If you let your child's doctor know that you were drinking while you were pregnant, he or she can be on the lookout for signs and symptoms of this syndrome in your child's initial weeks, months and years of life. To make a diagnosis, doctors will assess:
- Facial features
- Heart defects
- Cognitive ability
- Language development
- Motor skills
Doctors may refer children with possible fetal alcohol syndrome to a medical genetics specialist to rule out other disorders with similar signs and symptoms.
If one child in your family is diagnosed with fetal alcohol syndrome, it's important to evaluate his or her siblings to determine whether they also have fetal alcohol syndrome.
Treatments and drugs
There's no cure or specific treatment for fetal alcohol syndrome. The physical defects and mental deficiencies typically persist for a lifetime. Heart abnormalities may require surgery. Learning problems may be helped by special services in school. Parents often benefit from counseling to help the family with a child's behavior problems.
Coping and support
The psychological and emotional problems associated with fetal alcohol syndrome can be difficult to manage. Families and children with fetal alcohol syndrome may benefit greatly from the support of professionals and other families who have experience with FAS. Ask your doctor or public health nurse for local sources of support for families and children with FAS.
As a parent of a child with fetal alcohol syndrome, you may find the following suggestions helpful in dealing with behavioral problems associated with the syndrome:
- Implement daily routines to which your child can become accustomed.
- Create and enforce simple rules and limits.
- Point out and use rewards to reinforce acceptable behavior.
- Because many children with fetal alcohol syndrome are vulnerable, guard against their being taken advantage of by others.
- Teach your child skills for daily living.
A stable, nurturing home is the single most important factor in protecting children with FAS from some of the problems they're at risk of later in life, including drug abuse, dropping out of school and encounters with the juvenile justice system.
If you've given birth to a child with fetal alcohol syndrome, you may benefit from substance abuse counseling and treatment programs that can help you conquer your misuse of alcohol.
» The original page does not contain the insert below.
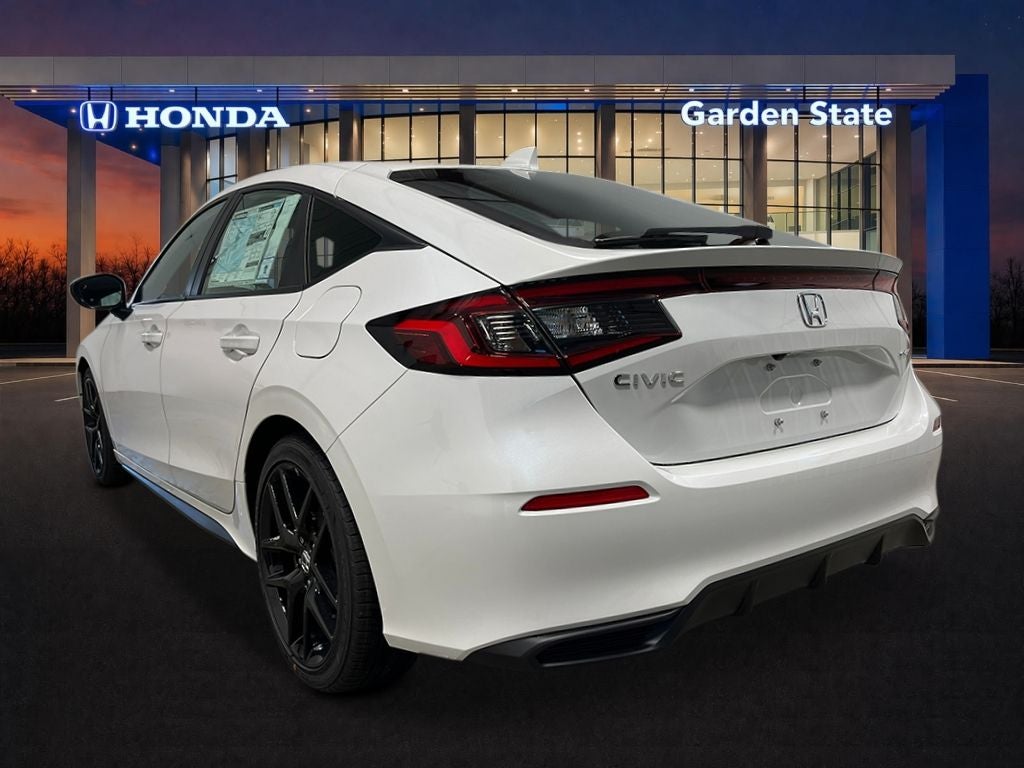 2026 Honda Civic Hatchback Sport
Doctors haven't identified a safe level of alcohol that a pregnant woman can consume. But, experts do know that FAS is completely preventable if women don't consume alcohol during pregnancy.
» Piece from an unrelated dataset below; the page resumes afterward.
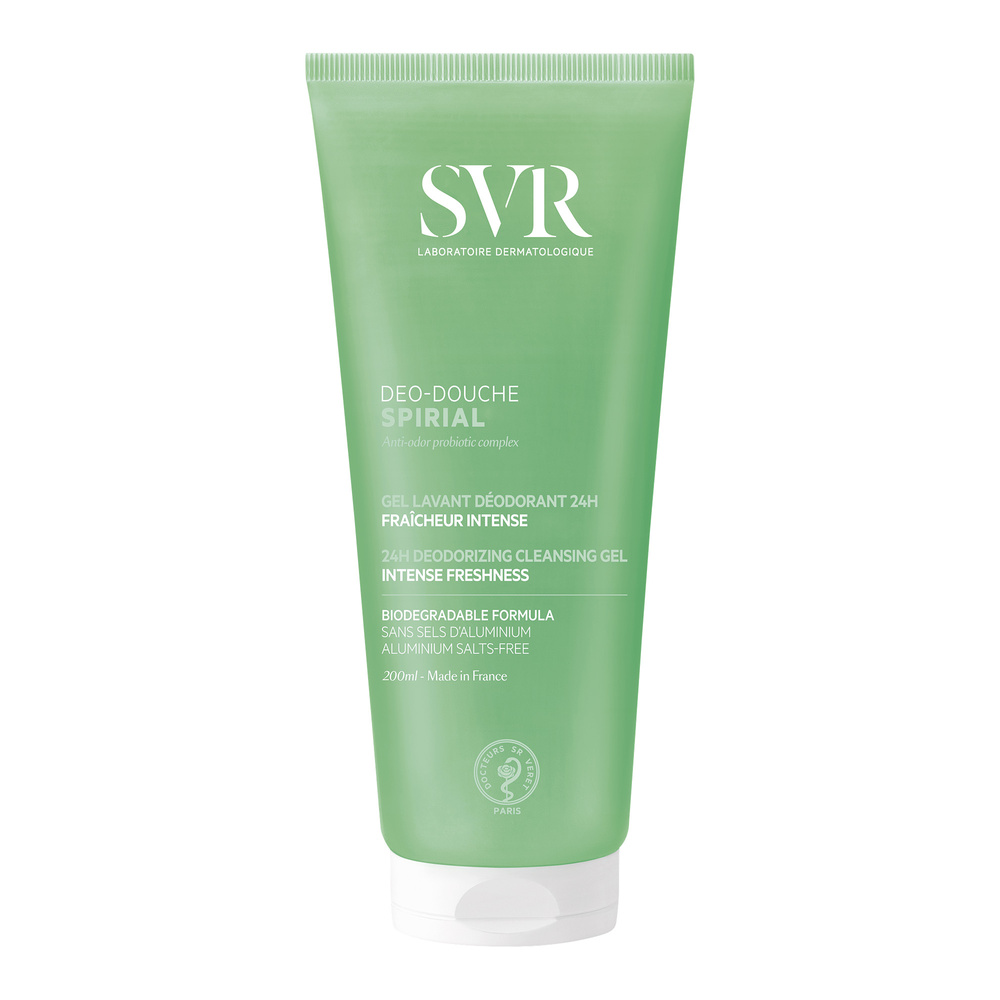laboratoires svr Spirial Deo Douche 200ml Gel Douche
These guidelines can help prevent fetal alcohol syndrome:
- Stop drinking alcohol altogether if you're planning to become pregnant, because your baby's brain, heart and blood vessels begin to develop in the early weeks of pregnancy. If you haven't already stopped drinking, stop as soon as you know you're pregnant or if you even think you might be pregnant. It's never too late to stop drinking during your pregnancy, but the sooner you stop, the better it is for your baby.
- Continue to avoid alcohol throughout your pregnancy. Fetal alcohol syndrome is completely preventable in children whose mothers don't drink during pregnancy.
- Consider giving up alcohol during your childbearing years if you're sexually active and you're having unprotected sex. Many pregnancies are unplanned, and damage can occur in the earliest weeks of pregnancy.
- If you have an alcohol problem, get help before you get pregnant. Get professional help to determine your level of dependence on alcohol and to develop a treatment plan.